◆ What is expected
Of all the lines below, return only those starting with the line holding "Birkenstock Arizona Suede" and going on through the line holding "Miller Metallic Coated", exactly as written.

◆ Stored data
========================

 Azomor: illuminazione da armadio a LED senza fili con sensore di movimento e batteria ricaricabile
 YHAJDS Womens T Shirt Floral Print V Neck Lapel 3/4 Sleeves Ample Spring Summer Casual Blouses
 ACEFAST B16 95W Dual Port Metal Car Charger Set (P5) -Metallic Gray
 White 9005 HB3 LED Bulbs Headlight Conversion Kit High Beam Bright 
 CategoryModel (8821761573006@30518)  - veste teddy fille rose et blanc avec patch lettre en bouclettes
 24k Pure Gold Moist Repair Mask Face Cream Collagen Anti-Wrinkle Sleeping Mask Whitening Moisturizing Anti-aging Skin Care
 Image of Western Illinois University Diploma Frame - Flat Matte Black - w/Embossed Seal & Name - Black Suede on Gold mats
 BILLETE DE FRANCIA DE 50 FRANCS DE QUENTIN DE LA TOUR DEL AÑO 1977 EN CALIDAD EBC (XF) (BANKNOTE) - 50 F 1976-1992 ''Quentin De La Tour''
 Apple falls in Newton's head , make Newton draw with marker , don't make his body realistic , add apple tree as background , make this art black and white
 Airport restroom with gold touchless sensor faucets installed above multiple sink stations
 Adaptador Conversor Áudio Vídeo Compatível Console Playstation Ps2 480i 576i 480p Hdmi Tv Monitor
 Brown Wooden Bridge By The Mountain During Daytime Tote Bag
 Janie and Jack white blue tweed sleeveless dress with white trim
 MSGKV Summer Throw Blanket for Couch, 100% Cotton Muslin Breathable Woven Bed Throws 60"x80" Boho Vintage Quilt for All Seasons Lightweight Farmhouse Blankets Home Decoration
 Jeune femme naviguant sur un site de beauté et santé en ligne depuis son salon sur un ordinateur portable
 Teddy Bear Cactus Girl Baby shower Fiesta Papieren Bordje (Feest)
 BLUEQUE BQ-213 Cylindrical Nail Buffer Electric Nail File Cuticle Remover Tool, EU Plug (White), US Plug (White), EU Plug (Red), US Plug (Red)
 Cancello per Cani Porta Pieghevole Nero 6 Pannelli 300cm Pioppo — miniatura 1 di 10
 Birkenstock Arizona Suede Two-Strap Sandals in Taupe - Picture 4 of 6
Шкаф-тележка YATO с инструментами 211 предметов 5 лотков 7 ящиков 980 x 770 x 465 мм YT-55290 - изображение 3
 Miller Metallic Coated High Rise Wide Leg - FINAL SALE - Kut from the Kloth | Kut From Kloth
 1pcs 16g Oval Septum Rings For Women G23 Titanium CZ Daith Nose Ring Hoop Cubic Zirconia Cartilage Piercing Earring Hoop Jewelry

========================

◆ Problem solution
 Birkenstock Arizona Suede Two-Strap Sandals in Taupe - Picture 4 of 6
Шкаф-тележка YATO с инструментами 211 предметов 5 лотков 7 ящиков 980 x 770 x 465 мм YT-55290 - изображение 3
 Miller Metallic Coated High Rise Wide Leg - FINAL SALE - Kut from the Kloth | Kut From Kloth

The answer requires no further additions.